WHAT IS NEEDED:
Copy out the entries exactly, from the first line to the last.

INPUT:

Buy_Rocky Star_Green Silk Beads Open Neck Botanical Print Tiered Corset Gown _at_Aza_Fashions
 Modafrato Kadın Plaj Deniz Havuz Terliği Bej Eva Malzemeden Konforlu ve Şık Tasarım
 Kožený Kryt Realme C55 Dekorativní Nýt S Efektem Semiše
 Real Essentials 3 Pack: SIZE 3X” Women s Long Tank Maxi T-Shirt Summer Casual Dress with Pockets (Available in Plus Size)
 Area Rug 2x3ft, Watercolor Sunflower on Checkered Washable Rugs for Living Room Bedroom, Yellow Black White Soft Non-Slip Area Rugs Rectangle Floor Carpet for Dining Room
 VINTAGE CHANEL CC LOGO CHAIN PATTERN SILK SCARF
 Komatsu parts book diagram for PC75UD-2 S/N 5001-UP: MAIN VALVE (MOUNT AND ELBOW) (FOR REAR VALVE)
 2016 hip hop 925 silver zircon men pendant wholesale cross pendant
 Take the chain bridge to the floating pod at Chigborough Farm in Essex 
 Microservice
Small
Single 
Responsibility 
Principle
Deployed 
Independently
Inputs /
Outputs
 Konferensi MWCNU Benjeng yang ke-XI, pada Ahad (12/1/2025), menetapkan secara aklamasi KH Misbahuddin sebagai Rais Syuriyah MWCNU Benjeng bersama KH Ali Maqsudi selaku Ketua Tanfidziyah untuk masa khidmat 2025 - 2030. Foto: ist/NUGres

WORKED SOLUTION:
Buy_Rocky Star_Green Silk Beads Open Neck Botanical Print Tiered Corset Gown _at_Aza_Fashions
 Modafrato Kadın Plaj Deniz Havuz Terliği Bej Eva Malzemeden Konforlu ve Şık Tasarım
 Kožený Kryt Realme C55 Dekorativní Nýt S Efektem Semiše
 Real Essentials 3 Pack: SIZE 3X” Women s Long Tank Maxi T-Shirt Summer Casual Dress with Pockets (Available in Plus Size)
 Area Rug 2x3ft, Watercolor Sunflower on Checkered Washable Rugs for Living Room Bedroom, Yellow Black White Soft Non-Slip Area Rugs Rectangle Floor Carpet for Dining Room
 VINTAGE CHANEL CC LOGO CHAIN PATTERN SILK SCARF
 Komatsu parts book diagram for PC75UD-2 S/N 5001-UP: MAIN VALVE (MOUNT AND ELBOW) (FOR REAR VALVE)
 2016 hip hop 925 silver zircon men pendant wholesale cross pendant
 Take the chain bridge to the floating pod at Chigborough Farm in Essex 
 Microservice
Small
Single 
Responsibility 
Principle
Deployed 
Independently
Inputs /
Outputs
 Konferensi MWCNU Benjeng yang ke-XI, pada Ahad (12/1/2025), menetapkan secara aklamasi KH Misbahuddin sebagai Rais Syuriyah MWCNU Benjeng bersama KH Ali Maqsudi selaku Ketua Tanfidziyah untuk masa khidmat 2025 - 2030. Foto: ist/NUGres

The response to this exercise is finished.